Work required: Show all lines of the listing that hold the word "saat".
Segment Start: Dataset content
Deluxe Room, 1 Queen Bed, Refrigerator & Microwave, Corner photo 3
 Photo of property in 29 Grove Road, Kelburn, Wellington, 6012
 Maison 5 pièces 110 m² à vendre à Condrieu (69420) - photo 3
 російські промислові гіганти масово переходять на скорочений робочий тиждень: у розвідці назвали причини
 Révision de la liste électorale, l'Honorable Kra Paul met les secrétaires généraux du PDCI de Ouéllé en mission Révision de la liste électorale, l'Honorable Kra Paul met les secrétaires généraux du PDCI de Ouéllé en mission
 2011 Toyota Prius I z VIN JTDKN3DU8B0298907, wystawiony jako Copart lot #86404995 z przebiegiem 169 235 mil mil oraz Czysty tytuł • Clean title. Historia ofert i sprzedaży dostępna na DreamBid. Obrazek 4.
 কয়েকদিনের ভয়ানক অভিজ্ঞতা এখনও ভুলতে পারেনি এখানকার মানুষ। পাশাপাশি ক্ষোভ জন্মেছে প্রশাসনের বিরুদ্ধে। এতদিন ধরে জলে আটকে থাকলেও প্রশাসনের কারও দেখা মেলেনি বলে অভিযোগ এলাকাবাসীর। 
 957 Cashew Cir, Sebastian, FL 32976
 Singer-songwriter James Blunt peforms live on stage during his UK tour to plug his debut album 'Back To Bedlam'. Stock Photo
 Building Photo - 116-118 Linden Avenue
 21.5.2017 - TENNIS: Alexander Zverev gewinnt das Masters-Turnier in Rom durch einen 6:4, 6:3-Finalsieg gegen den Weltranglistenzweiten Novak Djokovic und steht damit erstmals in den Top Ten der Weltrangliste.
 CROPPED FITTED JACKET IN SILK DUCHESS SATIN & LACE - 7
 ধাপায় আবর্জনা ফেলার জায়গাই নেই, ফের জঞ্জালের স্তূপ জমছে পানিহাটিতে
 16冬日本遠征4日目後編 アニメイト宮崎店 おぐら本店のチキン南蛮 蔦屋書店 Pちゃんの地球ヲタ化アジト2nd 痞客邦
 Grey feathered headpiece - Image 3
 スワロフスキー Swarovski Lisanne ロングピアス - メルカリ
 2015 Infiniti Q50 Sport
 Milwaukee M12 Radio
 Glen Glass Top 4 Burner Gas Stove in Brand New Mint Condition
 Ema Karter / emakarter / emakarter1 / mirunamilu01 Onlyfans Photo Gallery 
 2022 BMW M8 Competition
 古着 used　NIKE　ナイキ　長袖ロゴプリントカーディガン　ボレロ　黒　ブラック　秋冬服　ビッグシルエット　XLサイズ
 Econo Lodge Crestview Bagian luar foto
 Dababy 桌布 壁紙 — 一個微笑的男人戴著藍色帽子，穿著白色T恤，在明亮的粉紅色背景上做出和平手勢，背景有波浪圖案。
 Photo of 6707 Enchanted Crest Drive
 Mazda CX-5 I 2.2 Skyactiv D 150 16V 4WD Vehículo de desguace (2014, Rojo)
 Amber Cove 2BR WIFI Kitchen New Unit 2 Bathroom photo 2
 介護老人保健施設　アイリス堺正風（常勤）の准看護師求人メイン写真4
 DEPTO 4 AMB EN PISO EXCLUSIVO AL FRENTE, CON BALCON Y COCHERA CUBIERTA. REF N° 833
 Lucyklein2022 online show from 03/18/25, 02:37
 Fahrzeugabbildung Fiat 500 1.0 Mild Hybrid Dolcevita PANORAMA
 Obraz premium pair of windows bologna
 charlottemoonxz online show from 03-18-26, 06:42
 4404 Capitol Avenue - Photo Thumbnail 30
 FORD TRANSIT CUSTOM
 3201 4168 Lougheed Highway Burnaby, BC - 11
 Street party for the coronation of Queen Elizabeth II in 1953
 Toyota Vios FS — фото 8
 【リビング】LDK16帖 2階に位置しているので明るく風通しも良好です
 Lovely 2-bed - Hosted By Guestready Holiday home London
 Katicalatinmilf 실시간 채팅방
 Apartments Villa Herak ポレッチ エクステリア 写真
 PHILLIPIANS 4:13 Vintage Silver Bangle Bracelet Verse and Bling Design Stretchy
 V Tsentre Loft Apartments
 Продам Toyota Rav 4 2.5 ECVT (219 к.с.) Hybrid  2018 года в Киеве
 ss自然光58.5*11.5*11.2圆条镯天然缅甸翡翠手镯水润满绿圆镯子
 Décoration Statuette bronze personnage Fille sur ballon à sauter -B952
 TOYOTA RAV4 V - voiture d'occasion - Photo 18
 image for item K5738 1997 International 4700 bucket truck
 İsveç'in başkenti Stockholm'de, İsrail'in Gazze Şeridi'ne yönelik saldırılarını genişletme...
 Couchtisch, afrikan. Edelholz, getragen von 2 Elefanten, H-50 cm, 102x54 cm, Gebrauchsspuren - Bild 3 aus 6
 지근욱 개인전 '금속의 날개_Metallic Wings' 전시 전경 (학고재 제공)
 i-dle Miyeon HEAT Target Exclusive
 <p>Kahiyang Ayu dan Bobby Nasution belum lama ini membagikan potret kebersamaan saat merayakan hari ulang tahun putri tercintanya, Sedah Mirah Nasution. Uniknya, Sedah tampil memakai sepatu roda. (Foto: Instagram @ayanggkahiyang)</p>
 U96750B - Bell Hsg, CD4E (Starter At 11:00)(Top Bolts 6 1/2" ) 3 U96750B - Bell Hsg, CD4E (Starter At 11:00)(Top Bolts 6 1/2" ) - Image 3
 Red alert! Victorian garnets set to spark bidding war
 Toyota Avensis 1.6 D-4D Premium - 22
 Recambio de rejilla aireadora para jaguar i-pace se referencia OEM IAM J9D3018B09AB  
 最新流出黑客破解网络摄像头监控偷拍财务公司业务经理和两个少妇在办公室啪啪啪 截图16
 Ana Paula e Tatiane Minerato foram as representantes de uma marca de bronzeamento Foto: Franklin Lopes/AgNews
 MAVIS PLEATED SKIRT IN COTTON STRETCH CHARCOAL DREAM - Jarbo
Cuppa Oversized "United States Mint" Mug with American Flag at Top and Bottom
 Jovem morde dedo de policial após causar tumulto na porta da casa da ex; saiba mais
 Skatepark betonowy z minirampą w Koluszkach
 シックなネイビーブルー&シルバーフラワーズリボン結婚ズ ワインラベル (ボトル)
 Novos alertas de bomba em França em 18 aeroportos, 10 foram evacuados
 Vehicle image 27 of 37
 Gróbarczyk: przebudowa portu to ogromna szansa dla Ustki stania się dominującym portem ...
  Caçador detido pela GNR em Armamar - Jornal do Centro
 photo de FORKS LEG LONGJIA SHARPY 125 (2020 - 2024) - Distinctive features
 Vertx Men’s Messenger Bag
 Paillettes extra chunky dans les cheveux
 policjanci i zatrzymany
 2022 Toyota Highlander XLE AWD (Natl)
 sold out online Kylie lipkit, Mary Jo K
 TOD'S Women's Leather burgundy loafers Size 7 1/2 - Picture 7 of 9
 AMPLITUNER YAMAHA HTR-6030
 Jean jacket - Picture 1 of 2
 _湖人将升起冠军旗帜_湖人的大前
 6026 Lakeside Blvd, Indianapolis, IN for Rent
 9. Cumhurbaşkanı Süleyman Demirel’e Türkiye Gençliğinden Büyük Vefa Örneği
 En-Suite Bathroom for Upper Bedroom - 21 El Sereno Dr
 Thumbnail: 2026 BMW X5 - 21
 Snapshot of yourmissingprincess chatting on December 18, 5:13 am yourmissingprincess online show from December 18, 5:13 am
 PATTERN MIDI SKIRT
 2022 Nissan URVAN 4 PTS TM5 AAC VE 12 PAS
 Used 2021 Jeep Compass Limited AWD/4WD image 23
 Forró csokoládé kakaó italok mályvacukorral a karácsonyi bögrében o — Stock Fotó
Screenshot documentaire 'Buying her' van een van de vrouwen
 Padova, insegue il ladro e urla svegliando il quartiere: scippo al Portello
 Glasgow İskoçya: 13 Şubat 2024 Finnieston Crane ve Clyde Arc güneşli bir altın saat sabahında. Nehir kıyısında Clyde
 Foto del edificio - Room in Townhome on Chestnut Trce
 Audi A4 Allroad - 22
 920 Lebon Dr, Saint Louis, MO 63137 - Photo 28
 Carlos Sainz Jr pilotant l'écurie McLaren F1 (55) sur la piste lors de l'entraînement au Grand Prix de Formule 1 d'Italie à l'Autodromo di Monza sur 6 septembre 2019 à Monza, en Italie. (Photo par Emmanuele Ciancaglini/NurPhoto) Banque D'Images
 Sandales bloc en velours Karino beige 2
Segment End: Dataset content
Expected output:
 <p>Kahiyang Ayu dan Bobby Nasution belum lama ini membagikan potret kebersamaan saat merayakan hari ulang tahun putri tercintanya, Sedah Mirah Nasution. Uniknya, Sedah tampil memakai sepatu roda. (Foto: Instagram @ayanggkahiyang)</p>
 Glasgow İskoçya: 13 Şubat 2024 Finnieston Crane ve Clyde Arc güneşli bir altın saat sabahında. Nehir kıyısında Clyde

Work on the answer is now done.